O bispo auxiliar de Lisboa considerou também “que é de aplaudir” o ato do padre do Funchal, frisando que, se um cidadão cometeu ou é acusado de “uma falha grave”, o Estado de direito garante-lhe que se defenda e, se “tem consciência que cometeu uma falha”, tem também “a disponibilidade para se apresentar perante as autoridades, sejam policiais ou de investigação”.
Questionado se a Igreja mandou o padre Anastácio Alves para o estrangeiro, Américo Aguiar respondeu que a pergunta tem de ser feita à diocese do Funchal.
“Aquilo que eu posso garantir naquilo que é o território da diocese e Lisboa, desde abril de 2019, é que tudo o que aconteça no âmbito de qualquer denúncia ou suspeita de qualquer sacerdote ou pessoa da área da igreja, o que fazemos é o que está recomendado. A partir do momento em que alguém apresenta uma denúncia, a comissão diocesana de Lisboa aciona os seus mecanismos e imediatamente, exatamente ao mesmo tempo, apresentamos ao Ministério Público”, sustentou.
Questionado ainda sobre se a questão dos abusos sexuais tem impacto na Igreja e na Jornada Mundial da Juventude, o presidente da Fundação JMJ Lisboa 2023 disse que a notoriedade da Igreja e da JMJ é irrelevante perante sofrimento das vítimas.
“A notoriedade da igreja, a notoriedade da jornada, a notoriedade seja de quem for não tem comparação absolutamente nenhuma com o sofrimento de um jovem, de uma criança ou de alguém vulnerável que tenha sido vítima de um crime hediondo como este”, afirmou.

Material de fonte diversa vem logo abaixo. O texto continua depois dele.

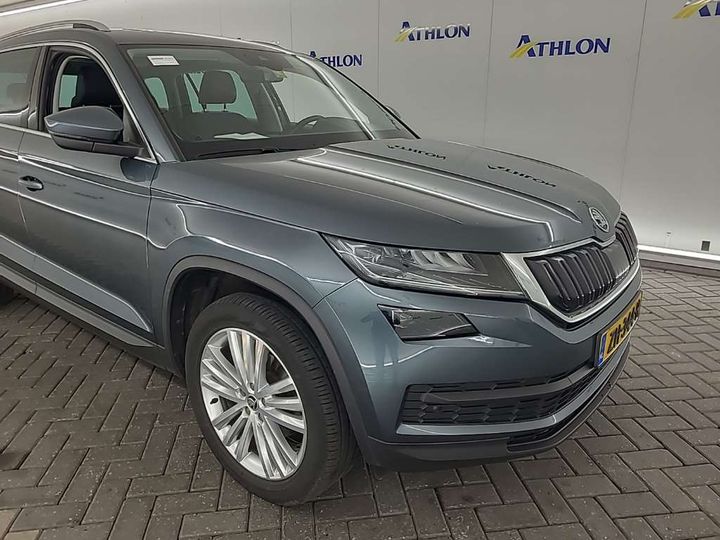 Photo 27 VIN: TMBJB9NS7K8069740 - SKODA KODIAQ 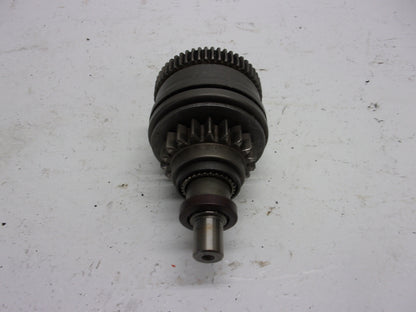 Yamaha WaveRunner 1990-2001 FX1 VXR GP XL OEM Starter Idle Gear 6M6-8183E-00-00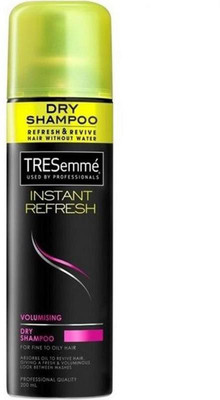 

TRESemme Instant Refresh Volumising Dry Shampoo(200 ml)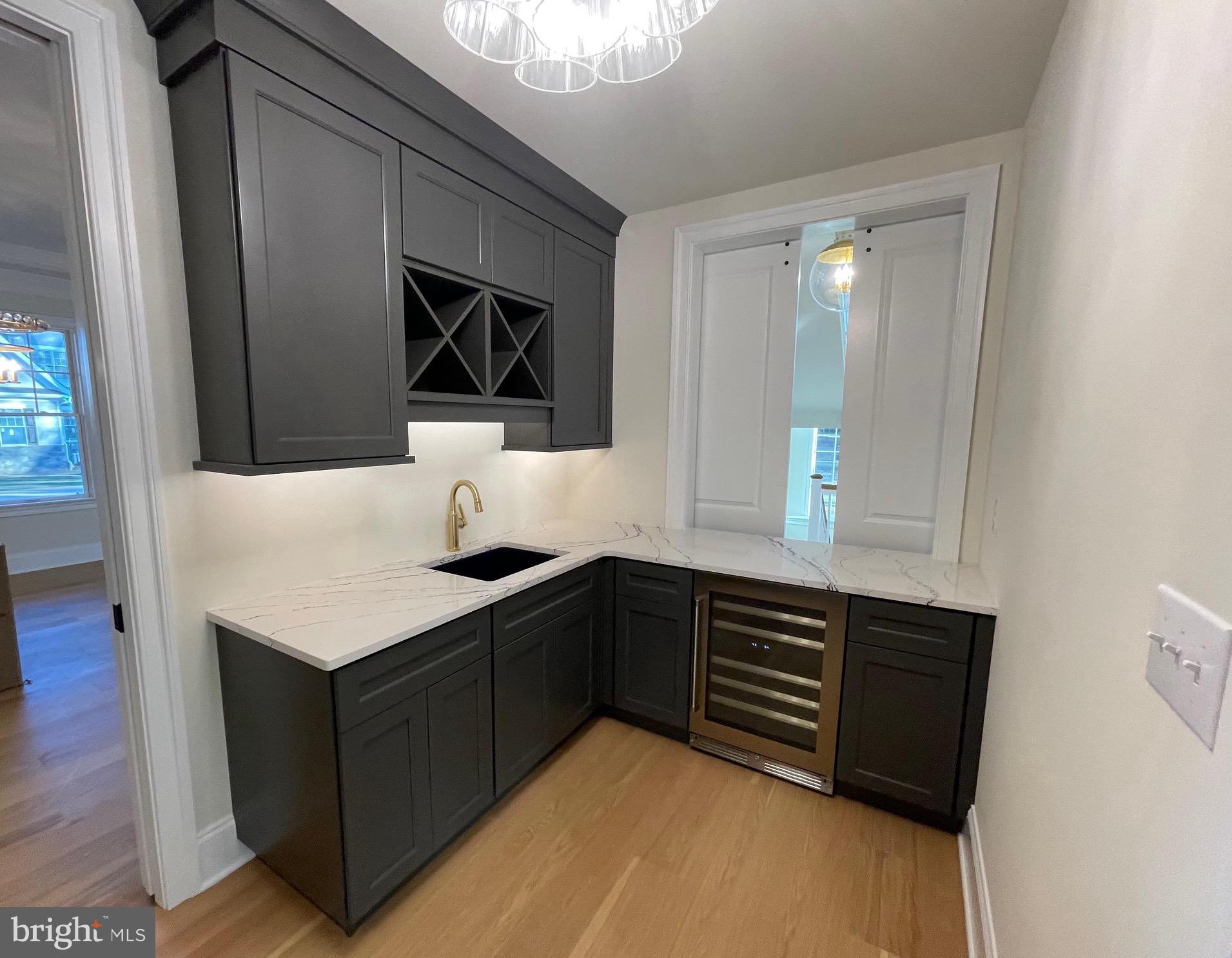 BOXWOOD HILL AT WAYNE - Residential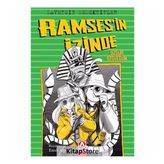 Ramses'in İzinde - Davetsiz Dedektifler 1 - Özgür Özgülgün
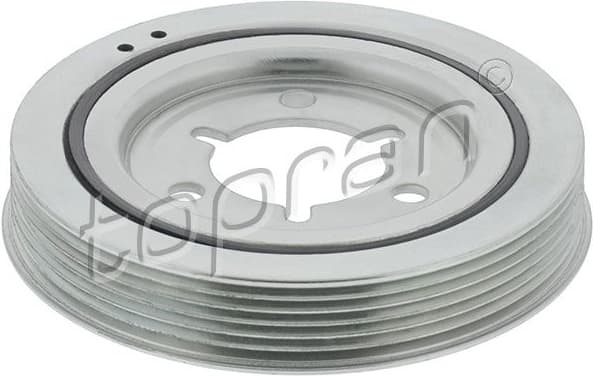 Belt Pulley, crankshaft 721 032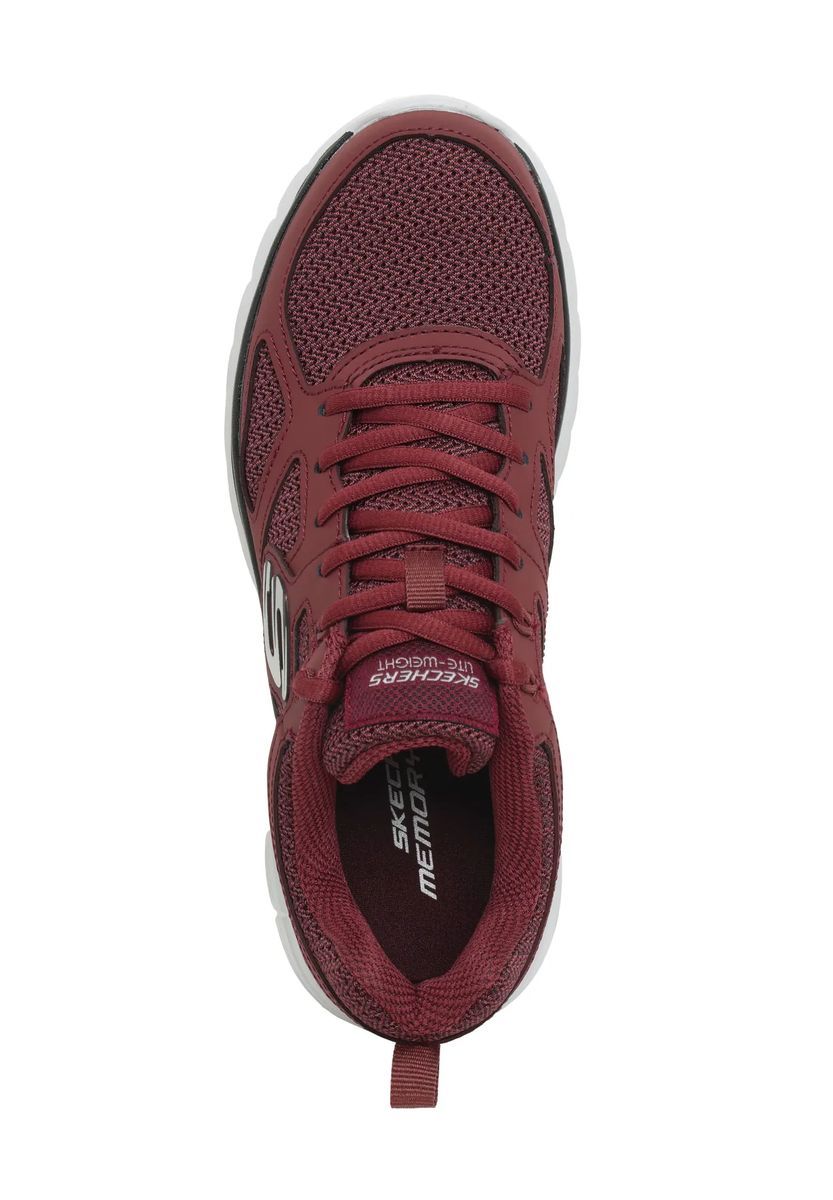 Leichter Mesh-Laufschuh für Herren
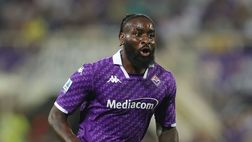 Fiorentina, la formazione con il dubbio Gonzalez: cosa filtra su Arthur e Nzola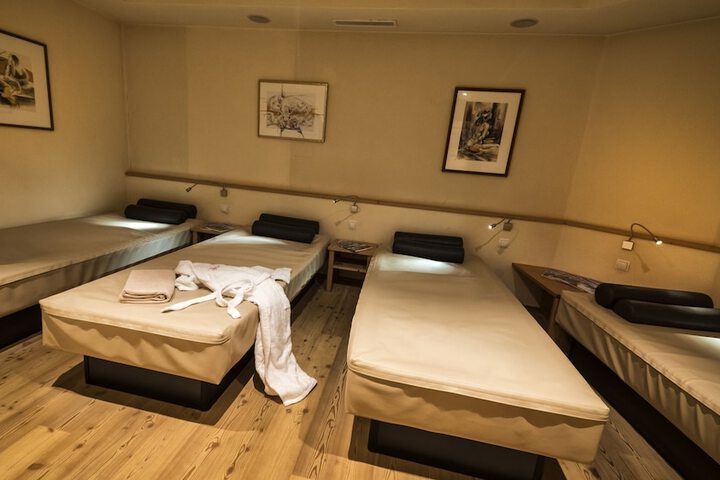 Spa Photos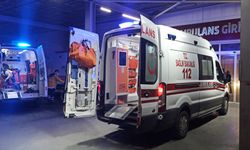 Aydın'da sulama kanalına düşen  çocuk hayatını kaybetti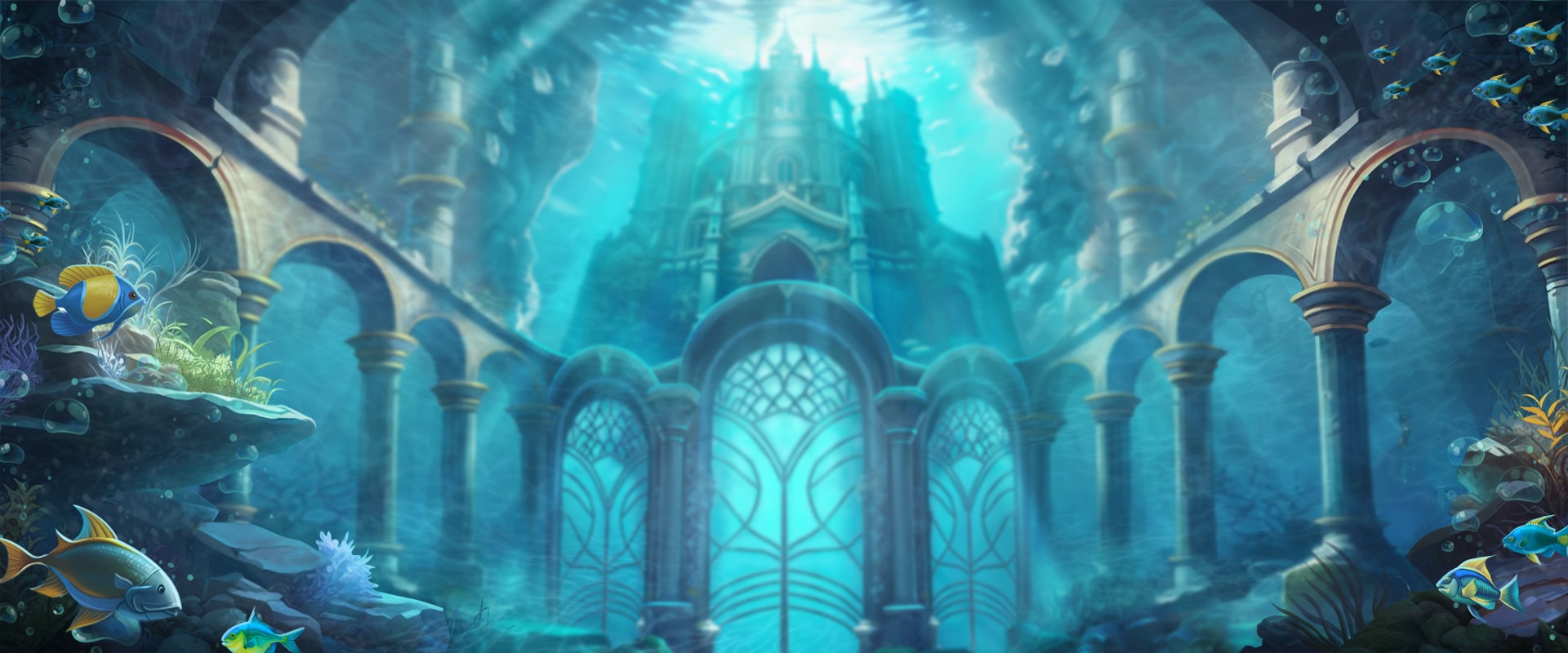 Rise of Triton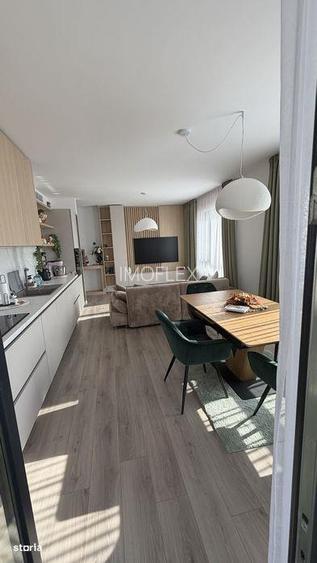Apartament modern 2 camere | Liberty Residence - 15
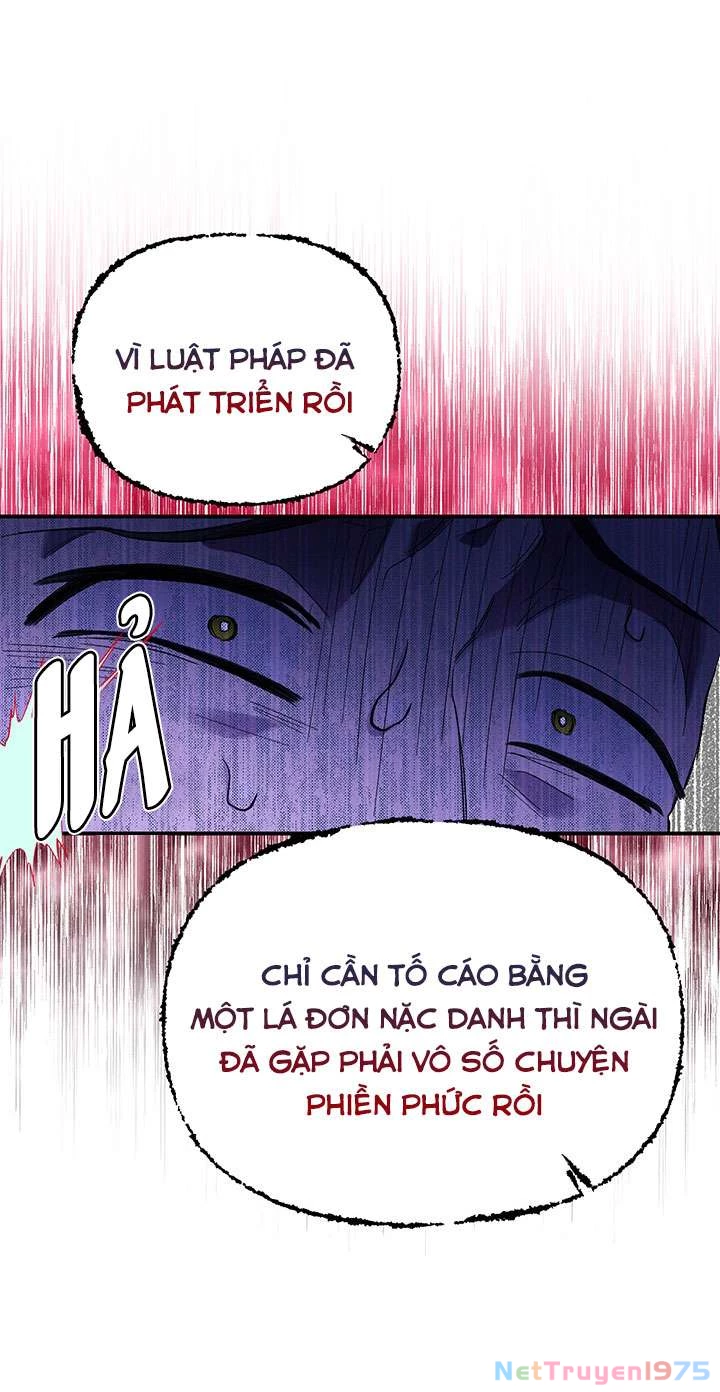 May Mắn Hay Bất Hạnh Chapter 59 - 30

Entretanto, a Procuradoria-Geral da República indicou que não notificou o padre José Anastácio Alves e referiu que a sua detenção era “inviável” por não existir um mandado judicial.
De acordo com uma nota divulgada no site do MP em janeiro deste ano, quando foi emitido um pedido de cooperação judiciária internacional, o ex-padre madeirense foi acusado de quatro crimes de abuso sexual de crianças e um crime de atos sexuais com adolescente, tendo sido realizadas diligências para o localizar, em França e Portugal, que “resultaram infrutíferas”.
Em setembro de 2018, quando o padre Anastácio Alves exercia funções em França, a Diocese do Funchal comunicou o seu afastamento da ação pastoral por suspeita de abuso sexual de um menor na região autónoma.
Anastácio Alves tentou entregar-se à justiça na semana em que foi divulgado o relatório da Comissão Independente para o Estudo dos Abusos Sexuais contra Crianças na Igreja, divulgado na segunda-feira.
Esta comissão independente liderada pelo pedopsiquiatra Pedro Strecht iniciou a recolha de testemunhos de vítimas em 11 de janeiro de 2022, tendo validado 512 denúncias das 564 recebidas, o que permitiu a extrapolação para a existência de um número mínimo de 4.815 vítimas nos últimos 72 anos.
A Conferência Episcopal Portuguesa vai tomar posição sobre o relatório, de quase 500 páginas, numa Assembleia Plenária agendada para 03 de março, em Fátima.